An open-ended question is an open question where the response is recorded verbatim. An open-ended question is nearly always an open question. (It would be wasteful to record yes-no answers verbatim.)Open-ended questions are also known as ‘unstructured’ or ‘free response’ questions. Open-ended questions are used for a number of reasons:

  • The researcher cannot predict what the responses might be, or it is dangerous to do so. Questions about what is liked and disliked about a product or service should always be open-ended, as it would be presumptuous to assume what people might like or dislike by having a list of pre-codes.
  • We wish to know the precise phraseology that people used to respond to the question. We may be able to predict the general sense of the response but wish to know the terminology that people use.
  • We may wish to quote some verbatim responses in the report or the presentation to illustrate something such as the strength of feeling that respondents feel. In response to the question ‘why will you not use that company again?’, a respondent may write in: ‘They were that awful. They mucked me for months, didn’t respond to my letters and when they did they could never get anything right. I shall never use them again.’ Had pre-codes been given on the questionnaire this might simply have been recorded as ‘poor service’.The verbatim response provides much richer information to the end-user of the research.
  • Through analysis on the verbatim responses, clients can determine if the customer is talking about a business process, a policy issue, a people issue (especially in service delivery surveys), etc. This enables them to determine the extent of any challenges they will face when reporting the findings of the survey to their management.

Common uses for open-ended questions include :

  • Likes and dislikes of a product, concept, advertisement, etc;
  • Spontaneous descriptions of product images;
  • Spontaneous descriptions of the content of advertisement;
  • Why certain actions were taken or not taken;
  • What improvements or changes respondents would like to see.

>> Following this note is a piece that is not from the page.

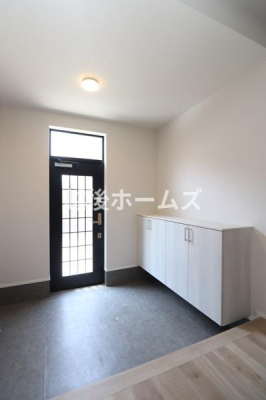 ���� �g���₷���V���[�Y�{�b�N�X�����̖��邢����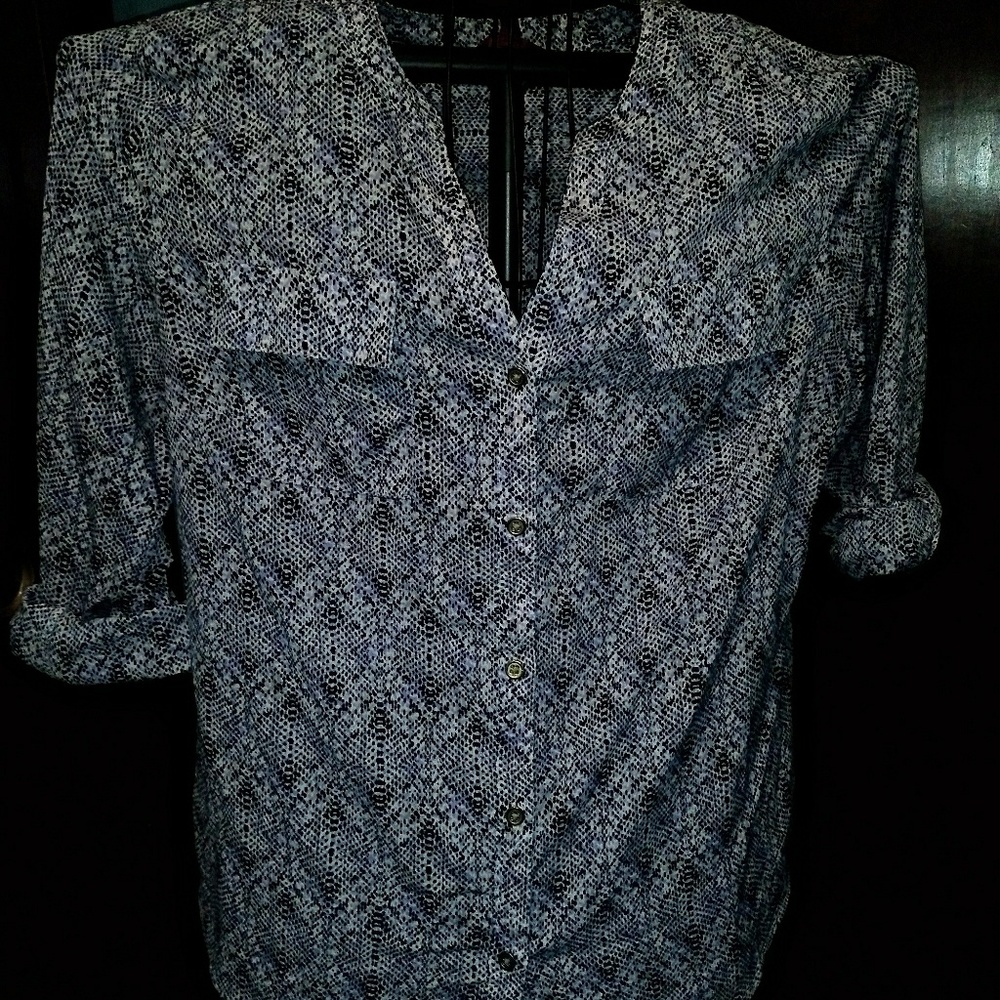 Cute button down top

These are all directive questions, aimed at eliciting a specific type of response to a defined issue. In addition, non-directive questions can be asked, such as what, if anything, comes to mind when the respondent is shown a visual prompt, and whether there is anything else that the respondents want to say on the subject. Questions that ask ‘What?’ or ‘How?’, or for likes or dislikes, will commonly be open-ended.

Open-ended questions are easy to ask and suffer from several drawbacks:

  • In interviewer-administered surveys, they are subject to error in the way and detail with which the interviewer records the answer.
  • Respondents frequently find it difficult to both to recognize and to articulate how they feel. This is particularly true of negative feelings so that asking open-ended questions about what people dislike about something tends to generate a high level of ‘Nothing’ or ‘Don’t know’ responses.
  • Without the clue given for an answer list, respondents sometimes misunderstand the question or answer the question that they want to answer rather than the one on the questionnaire.
  • Analysing the responses can be a difficult, time consuming and relatively expensive process.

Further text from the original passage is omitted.